_Exercise input_

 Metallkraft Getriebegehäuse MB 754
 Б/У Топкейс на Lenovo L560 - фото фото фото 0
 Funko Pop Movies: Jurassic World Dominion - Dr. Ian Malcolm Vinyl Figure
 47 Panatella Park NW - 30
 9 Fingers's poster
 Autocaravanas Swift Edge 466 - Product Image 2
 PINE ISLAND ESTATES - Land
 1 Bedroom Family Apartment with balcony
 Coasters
--
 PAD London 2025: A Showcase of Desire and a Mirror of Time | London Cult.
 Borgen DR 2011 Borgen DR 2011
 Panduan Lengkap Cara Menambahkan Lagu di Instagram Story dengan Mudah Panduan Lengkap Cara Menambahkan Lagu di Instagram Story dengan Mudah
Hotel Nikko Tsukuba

_Exercise prompt_
Reproduce verbatim only the segment of the listing bounded by the line containing "dengan Mudah Panduan" and the line containing "Hotel Nikko Tsukuba", with both boundary lines included.

_Your solution_
 Panduan Lengkap Cara Menambahkan Lagu di Instagram Story dengan Mudah Panduan Lengkap Cara Menambahkan Lagu di Instagram Story dengan Mudah
Hotel Nikko Tsukuba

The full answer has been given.